Aristoteles, bilimsel görünümlü önyargının en eski ustalarından biridir. Bugün yaşasaydı muhtemelen “Kadın neden CEO olamaz?” başlıklı bir TED konuşması yapar, ardından YouTube algoritmaları onu milyonlara önerirdi. Ona göre kadın, aslında “yarım kalmış bir erkek”tir.
Yani doğa erkek yaratmaya çalışırken bazen hata yapar; ortaya kadın çıkar. Böylece Aristoteles, biyoloji kürsüsünden insanlık tarihine damga vuracak en büyük “yanlış üretim teorisini” formüle etmiş oldu.
Hristiyanlıkta Aristoteles’in İkinci Vaazı
Ortaçağ kilisesi Aristoteles’i öyle sahiplendi ki, neredeyse “dördüncü İncil yazarı” ilan edilecekti.
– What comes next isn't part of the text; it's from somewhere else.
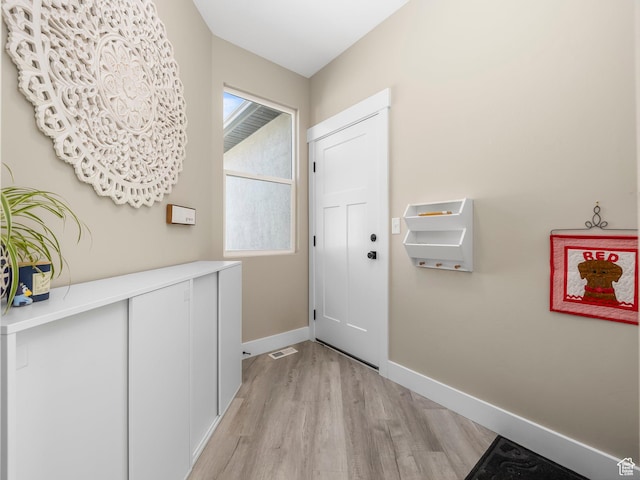 entryway featuring light wood finished floors and baseboards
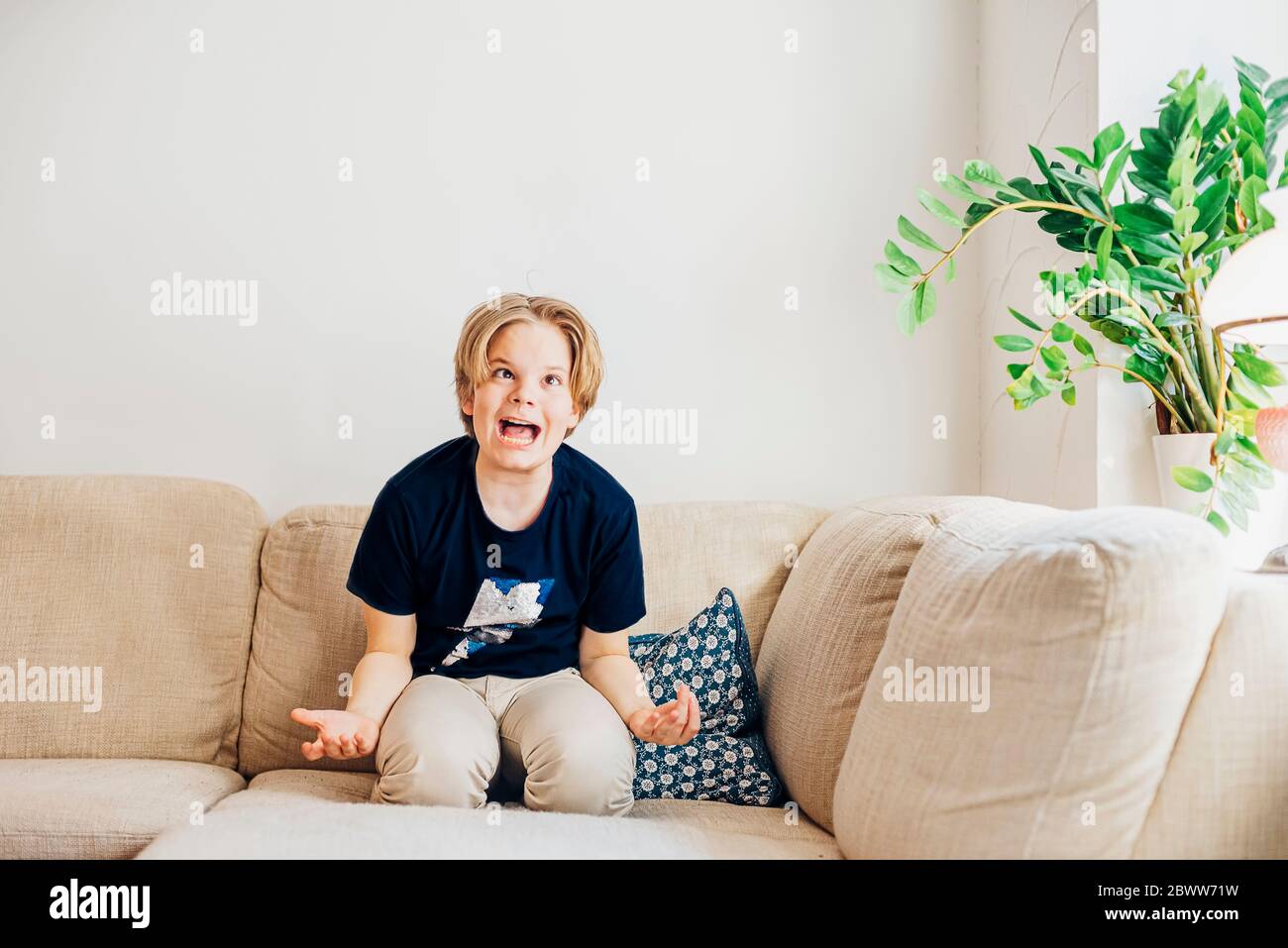 Boy romping around on couch in living room at home Stock Photo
Thomas Aquinas onun fikirlerini ustaca teolojik bir söyleve dönüştürdü. Bunun sonucunda kadın, Tanrı önünde ruhen eşit kabul edilirken, toplum içinde sonsuza kadar pasif ve uysal bir konuma mahkûm edildi. Aristoteles’in biyoloji dersi ile Havva’nın yasak meyve hikâyesi birleşince, kadın ya şeytanın işbirlikçisi ya da akılsız bir varlık olarak damgalandı. Kilise, bu “felsefi günahı” teolojiye çevirdi.
İslam’da Aristoteles’in Sessiz Şerhi
İslam dünyasında Aristoteles farklı bir rol oynadı. Kur’an’da kadın–erkek ilişkileri zaten belirli çerçevelerle düzenlenmişti; ancak onun “pasif kadın – aktif erkek” şeması devreye girince meseleye felsefi bir meşruiyet katıldı.
- Farabi, kadınları neredeyse ideal devletinden sürgün etti.
- İbn Sina, doğa bilimlerinde Aristoteles’i izleyerek kadını üreme sürecinin “ham madde” kısmına indirgedi.
- İbn Rüşd, daha insaflı bir yaklaşım gösterse de, şerhlerinde yine Aristoteles’in gölgesini sürükledi.
Sonuç olarak, medrese kürsüsünde “Kadın pasiftir, erkek aktiftir” cümlesi, kutsal ayetlerle yan yana okunur hale geldi.
İki Dünya, Tek Gölge
Kilise ve medrese farklı diller konuşuyordu; ancak Aristoteles’in kadına dair raporu evrensel kabul gördü. Her iki uygarlık da kadını “eksik” ilan etmekte felsefeciyle buluştu. Batı’da kadınlar cadı avlarına kurban edilirken, Doğu’da “aklî noksanlık” damgasıyla ötekileştirildi. Böylece Aristoteles, çağları aşan bir ortaklık yarattı: Eksik kadınlar, fazla erkekler ve kusursuz bir hiyerarşi!
Son Söz: Aristoteles’in Sponsorluk Anlaşması
Bugün kadınların eğitim, siyaset ve bilim mücadelesine baktığımızda hâlâ Aristoteles’in sponsor logosu görünür: “Kadın = Eksik Erkek.” Oysa gerçek şu ki, bu denklem eksik değil, fazla şey söylüyor: Fazla önyargı, fazla iktidar arzusu, fazla erkek kibri. Aristoteles’in kadın görüşü, insanlığın en uzun ömürlü “reklam kampanyası” oldu: Erkekler üstün, kadınlar eksik — iki bin yıldır yayında.